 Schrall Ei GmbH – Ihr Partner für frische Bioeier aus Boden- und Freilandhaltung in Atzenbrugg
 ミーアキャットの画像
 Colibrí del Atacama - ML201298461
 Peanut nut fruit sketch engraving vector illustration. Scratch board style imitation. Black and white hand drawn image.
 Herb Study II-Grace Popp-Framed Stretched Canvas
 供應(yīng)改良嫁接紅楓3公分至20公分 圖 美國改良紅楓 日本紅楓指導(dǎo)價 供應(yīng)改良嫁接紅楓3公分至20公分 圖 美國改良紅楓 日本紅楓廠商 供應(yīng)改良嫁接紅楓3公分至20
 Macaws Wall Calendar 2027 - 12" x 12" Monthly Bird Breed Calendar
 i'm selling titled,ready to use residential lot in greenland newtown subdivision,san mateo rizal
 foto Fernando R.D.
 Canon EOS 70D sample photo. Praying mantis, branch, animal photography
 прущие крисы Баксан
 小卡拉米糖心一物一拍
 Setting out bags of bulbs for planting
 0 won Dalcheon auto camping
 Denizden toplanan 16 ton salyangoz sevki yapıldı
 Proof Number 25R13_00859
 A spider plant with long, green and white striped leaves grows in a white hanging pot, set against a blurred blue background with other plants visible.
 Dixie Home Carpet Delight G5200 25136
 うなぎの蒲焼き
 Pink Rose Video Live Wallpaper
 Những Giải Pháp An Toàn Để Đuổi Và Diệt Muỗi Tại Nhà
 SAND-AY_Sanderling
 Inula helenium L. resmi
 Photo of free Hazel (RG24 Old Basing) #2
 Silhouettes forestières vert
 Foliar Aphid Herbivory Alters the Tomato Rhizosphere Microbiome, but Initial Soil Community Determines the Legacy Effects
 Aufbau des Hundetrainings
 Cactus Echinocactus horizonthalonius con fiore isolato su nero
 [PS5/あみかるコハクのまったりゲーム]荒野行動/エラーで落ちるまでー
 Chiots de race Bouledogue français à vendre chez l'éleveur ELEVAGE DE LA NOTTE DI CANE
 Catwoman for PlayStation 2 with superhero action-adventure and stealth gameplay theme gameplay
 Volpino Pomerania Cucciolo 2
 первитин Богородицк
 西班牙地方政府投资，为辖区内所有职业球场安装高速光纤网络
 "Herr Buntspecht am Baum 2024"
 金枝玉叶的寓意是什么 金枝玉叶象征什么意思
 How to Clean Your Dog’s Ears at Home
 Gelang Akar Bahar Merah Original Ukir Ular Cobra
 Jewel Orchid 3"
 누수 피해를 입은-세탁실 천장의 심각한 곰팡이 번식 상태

________________________________________

Each record must be returned in full and exactly.

**RESPONSE**
 Schrall Ei GmbH – Ihr Partner für frische Bioeier aus Boden- und Freilandhaltung in Atzenbrugg
 ミーアキャットの画像
 Colibrí del Atacama - ML201298461
 Peanut nut fruit sketch engraving vector illustration. Scratch board style imitation. Black and white hand drawn image.
 Herb Study II-Grace Popp-Framed Stretched Canvas
 供應(yīng)改良嫁接紅楓3公分至20公分 圖 美國改良紅楓 日本紅楓指導(dǎo)價 供應(yīng)改良嫁接紅楓3公分至20公分 圖 美國改良紅楓 日本紅楓廠商 供應(yīng)改良嫁接紅楓3公分至20
 Macaws Wall Calendar 2027 - 12" x 12" Monthly Bird Breed Calendar
 i'm selling titled,ready to use residential lot in greenland newtown subdivision,san mateo rizal
 foto Fernando R.D.
 Canon EOS 70D sample photo. Praying mantis, branch, animal photography
 прущие крисы Баксан
 小卡拉米糖心一物一拍
 Setting out bags of bulbs for planting
 0 won Dalcheon auto camping
 Denizden toplanan 16 ton salyangoz sevki yapıldı
 Proof Number 25R13_00859
 A spider plant with long, green and white striped leaves grows in a white hanging pot, set against a blurred blue background with other plants visible.
 Dixie Home Carpet Delight G5200 25136
 うなぎの蒲焼き
 Pink Rose Video Live Wallpaper
 Những Giải Pháp An Toàn Để Đuổi Và Diệt Muỗi Tại Nhà
 SAND-AY_Sanderling
 Inula helenium L. resmi
 Photo of free Hazel (RG24 Old Basing) #2
 Silhouettes forestières vert
 Foliar Aphid Herbivory Alters the Tomato Rhizosphere Microbiome, but Initial Soil Community Determines the Legacy Effects
 Aufbau des Hundetrainings
 Cactus Echinocactus horizonthalonius con fiore isolato su nero
 [PS5/あみかるコハクのまったりゲーム]荒野行動/エラーで落ちるまでー
 Chiots de race Bouledogue français à vendre chez l'éleveur ELEVAGE DE LA NOTTE DI CANE
 Catwoman for PlayStation 2 with superhero action-adventure and stealth gameplay theme gameplay
 Volpino Pomerania Cucciolo 2
 первитин Богородицк
 西班牙地方政府投资，为辖区内所有职业球场安装高速光纤网络
 "Herr Buntspecht am Baum 2024"
 金枝玉叶的寓意是什么 金枝玉叶象征什么意思
 How to Clean Your Dog’s Ears at Home
 Gelang Akar Bahar Merah Original Ukir Ular Cobra
 Jewel Orchid 3"
 누수 피해를 입은-세탁실 천장의 심각한 곰팡이 번식 상태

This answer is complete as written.